# Don't mess with this lady!



## Farmer Kitty (Mar 3, 2009)

I saw this on the Today Show. Some guy thought he would steal her purse-picked the wrong lady to mess with!

http://today.msnbc.msn.com/id/26184891/vp/29479044#29479044


----------



## wynedot55 (Mar 3, 2009)

i think i seen that to.an she whooped him pretty good.


----------



## Thewife (Mar 3, 2009)

Al right, my computer refuses to show it to me, what did she do?


----------



## wynedot55 (Mar 3, 2009)

she beat the crapp out of a guy that tryed to robb her.


----------



## Thewife (Mar 3, 2009)

wynedot55 said:
			
		

> she beat the crapp out of a guy that tryed to robb her.


Cool!


----------



## Farmer Kitty (Mar 3, 2009)

Yep! Chased him down on foot and then with the car. Hit him with the car but, he kept running. It ended up with people coming out of the movie theater and helping to corner him. She was on the phone to the police the whole time. She didn't keep her phone in her purse like so many women do. She kept it in her bra. I don't keep mine in my purse either.
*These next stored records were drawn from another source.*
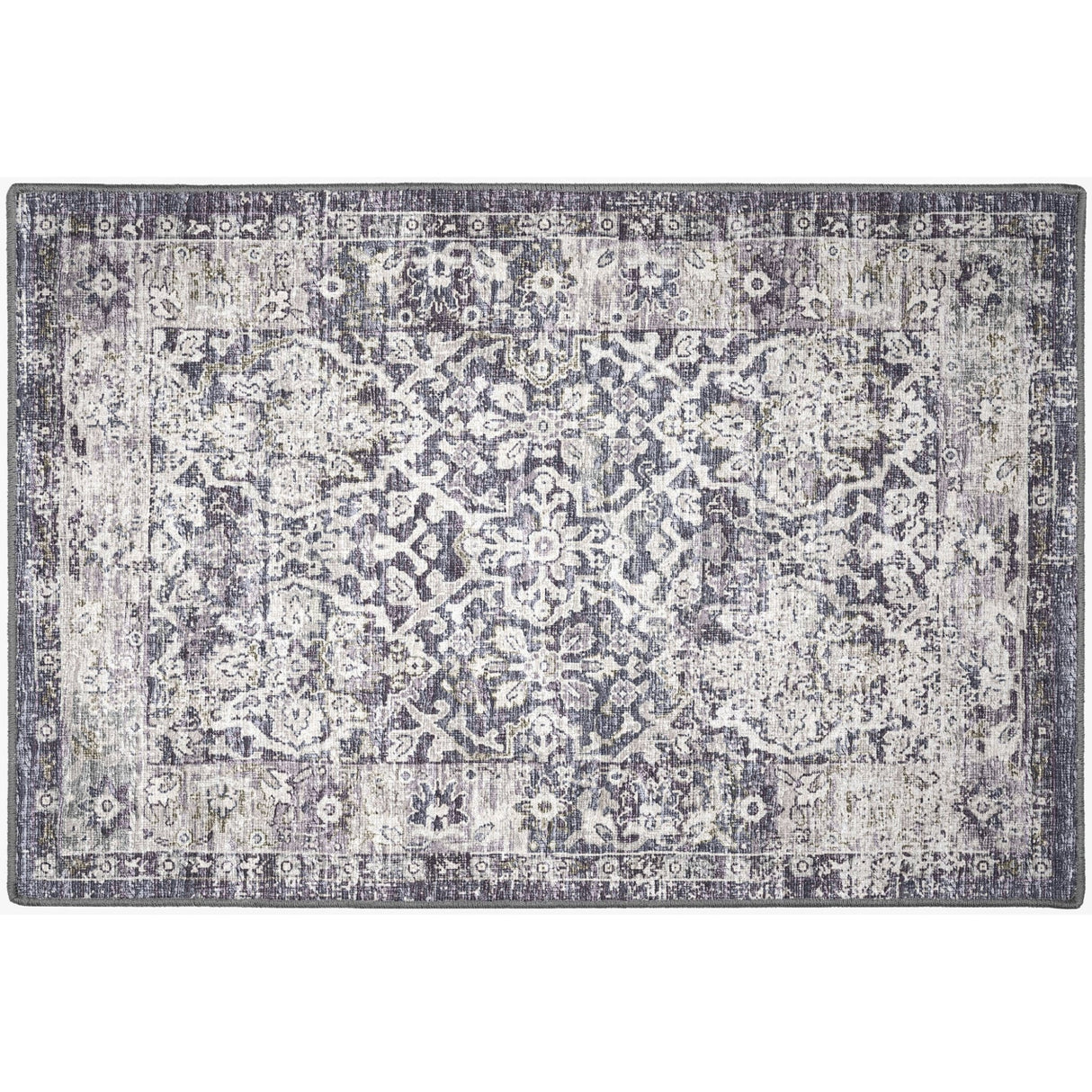 Dalyn Jericho JC3 Violet Rug rectangular rug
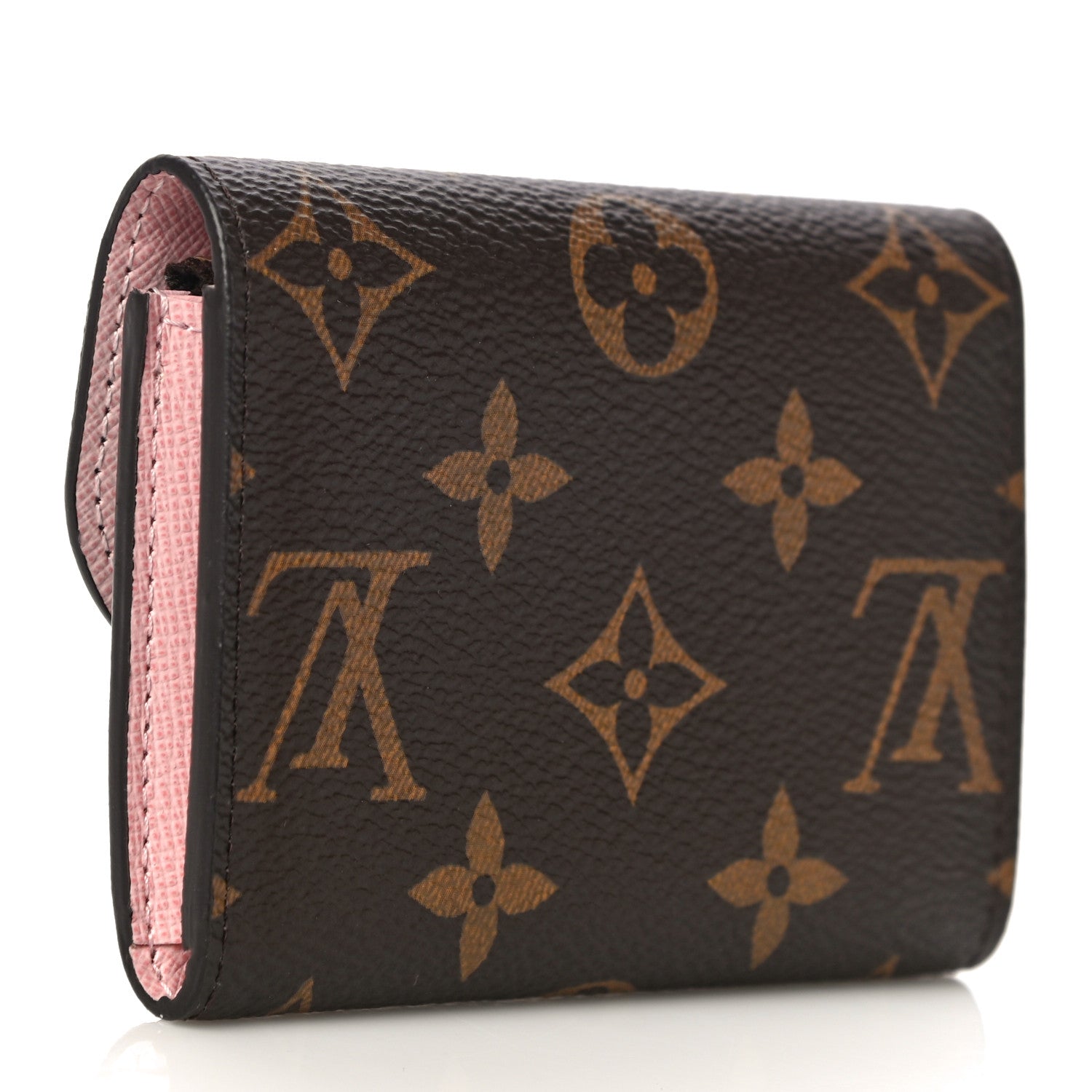 Louis Vuitton Monogram Rosalie Coin Purse Rose Ballerine 3 of 10
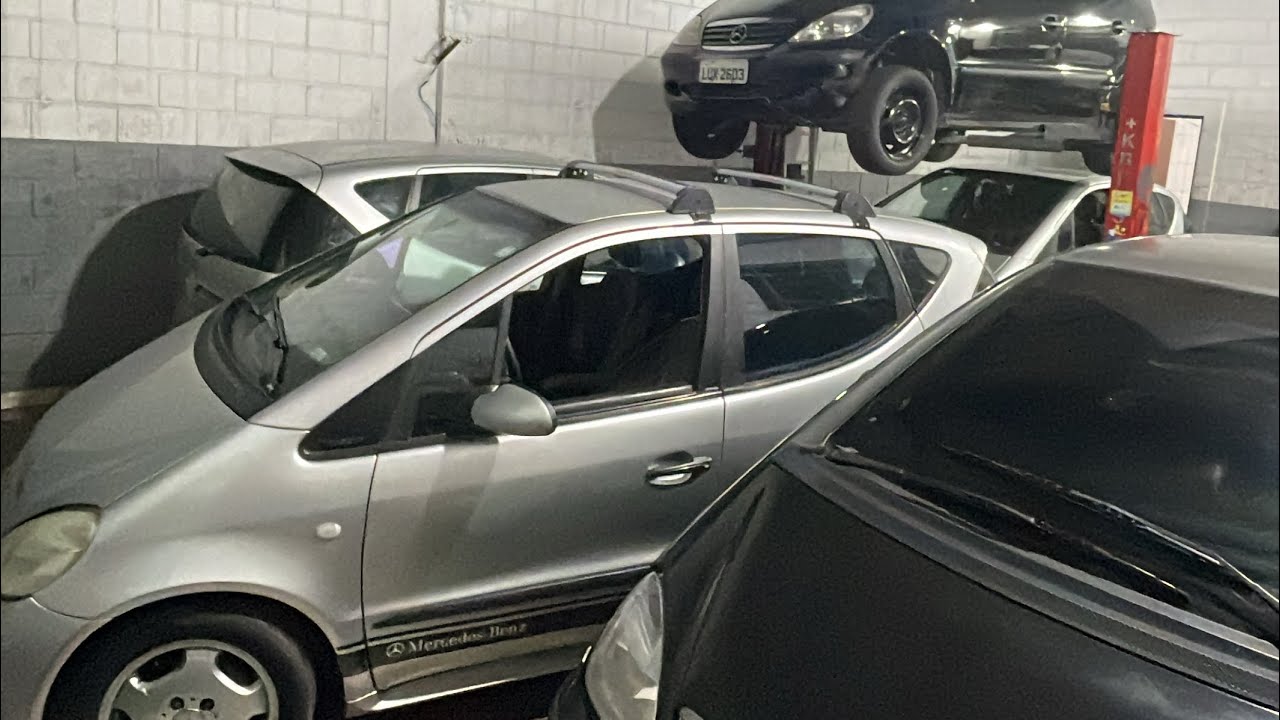 Mercedes A190 falha quando acelera forte, oque será ? 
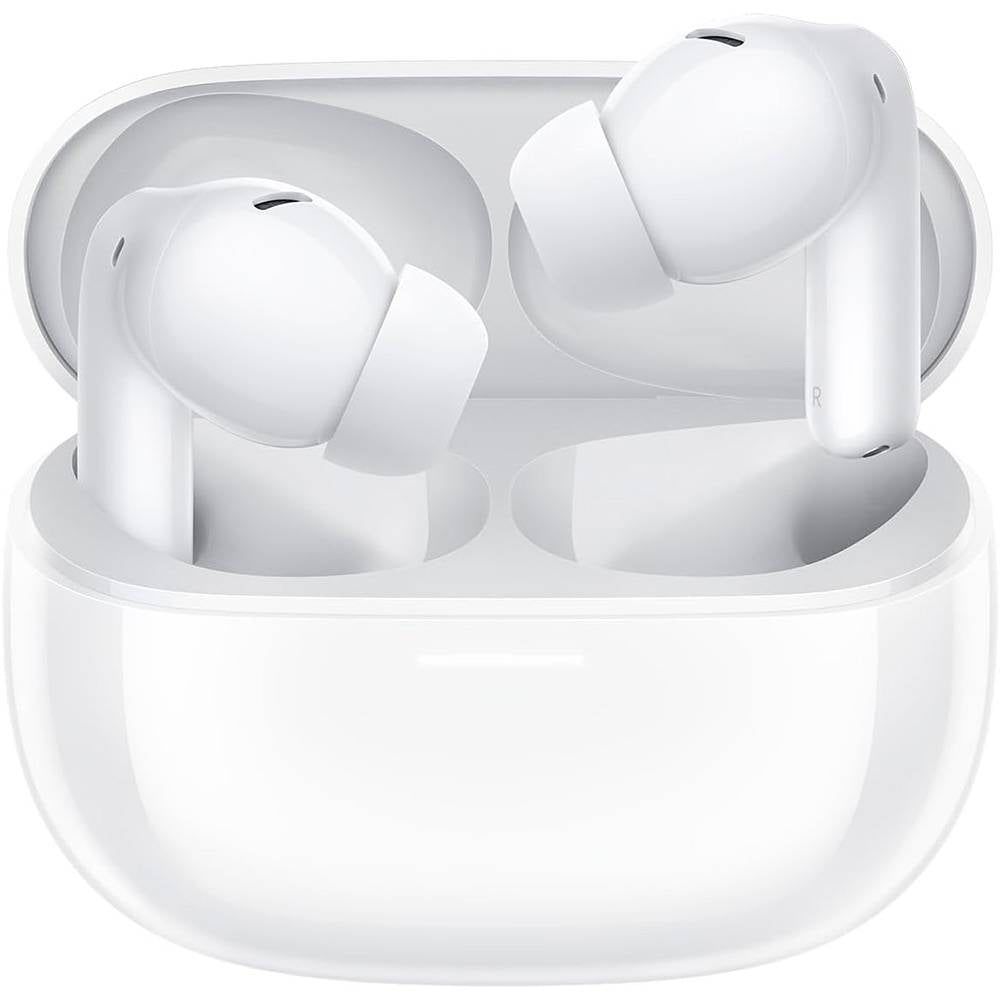 Auriculares Xiaomi Redmi Buds 5 Pro Active Noise Cancellation Bluetooth 5.3 Moonlight White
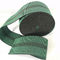 Tessitura elastica durevole della gomma sintetica per il sofà nel colore verde 6cm 460B# fornitore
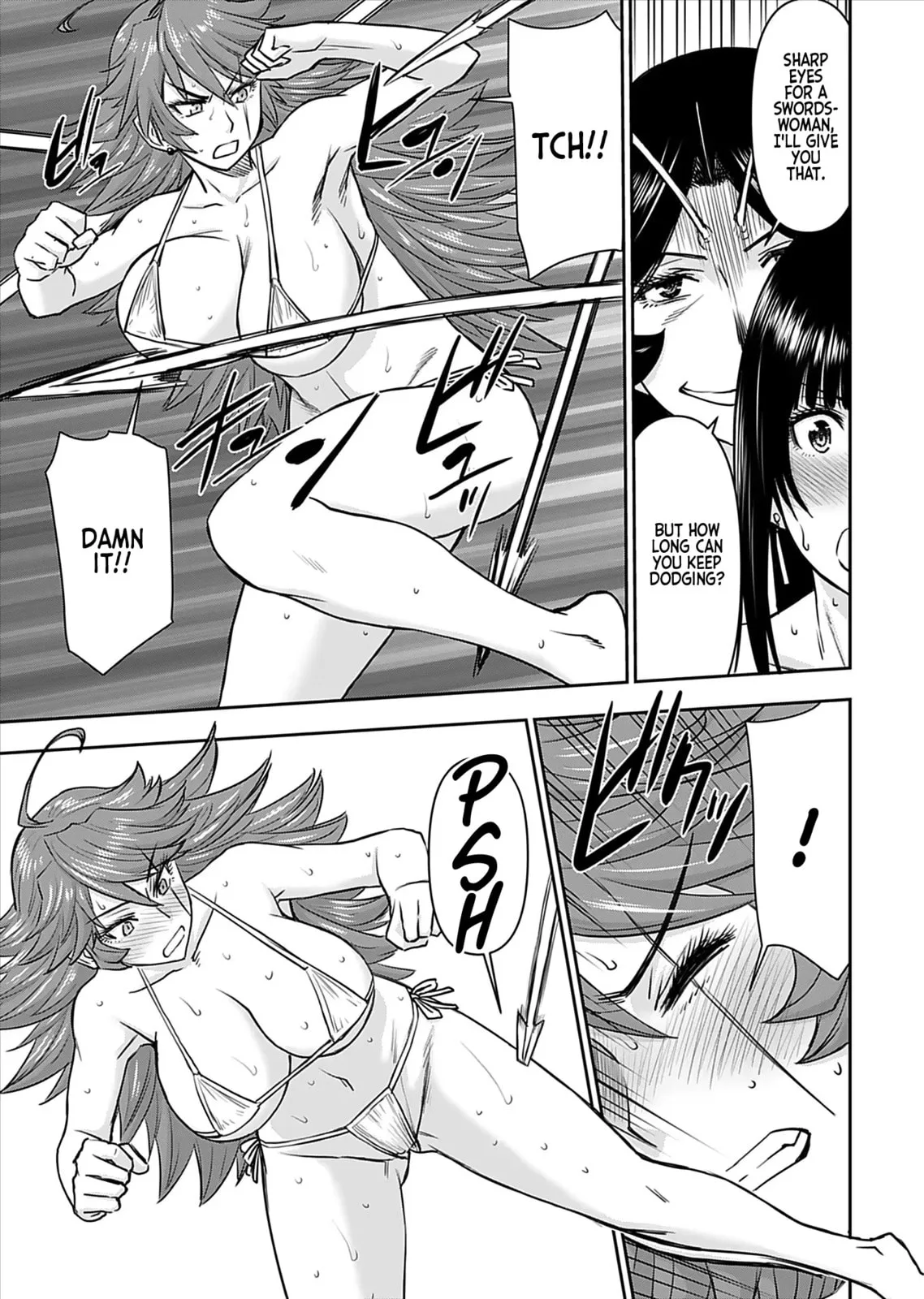 Another World Sniper Is Female Warrior's Mof-moffy Pet Chapter 19 page 18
I keep mine in a phone case clipped to my belt loop.


----------



## wynedot55 (Mar 3, 2009)

if the cell is on its in my tee pocket.


----------



## GrassFarmerGalloway (Mar 4, 2009)

I keep my cell phone on my belt at all times.  Whether I wear my belt or not is a different story.  

Nice work to the lady who confronted this robber!  That's what I would have done.


----------